(SOURCE MATERIAL)

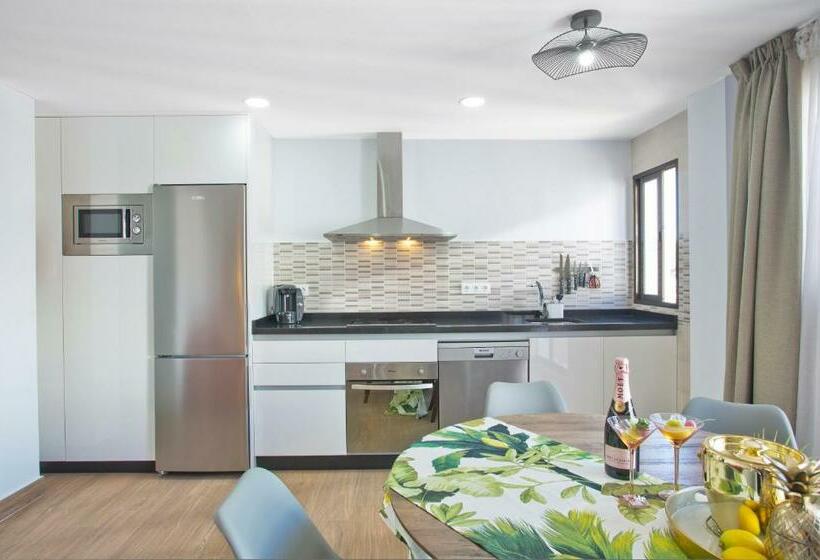 جناح بريميوم غرفتين نوم, Pueblo Evita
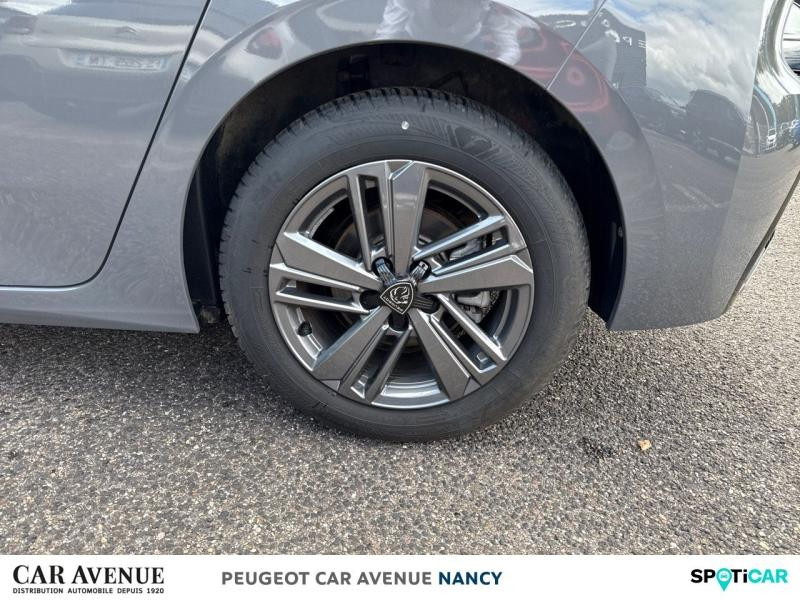 Occasion PEUGEOT 308 1.5 BlueHDi 130ch S&S Allure EAT8 2024 Gris Sélénium (M) 25046 € à Nancy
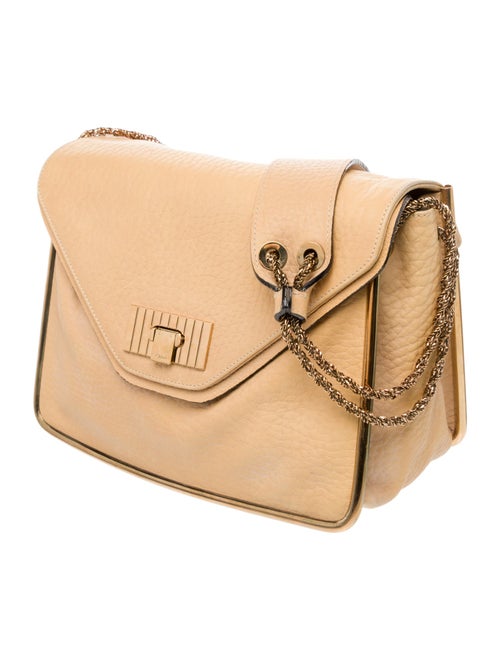 Chloé Leather Shoulder Bag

(End SOURCE MATERIAL)

TASK ITEM:
Your reply should hold exactly the lines from the line containing "Occasion PEUGEOT 308" through the final line of the listing, and none of the pictures.

SOLUTION FOR THIS TASK:
 Occasion PEUGEOT 308 1.5 BlueHDi 130ch S&S Allure EAT8 2024 Gris Sélénium (M) 25046 € à Nancy
 Chloé Leather Shoulder Bag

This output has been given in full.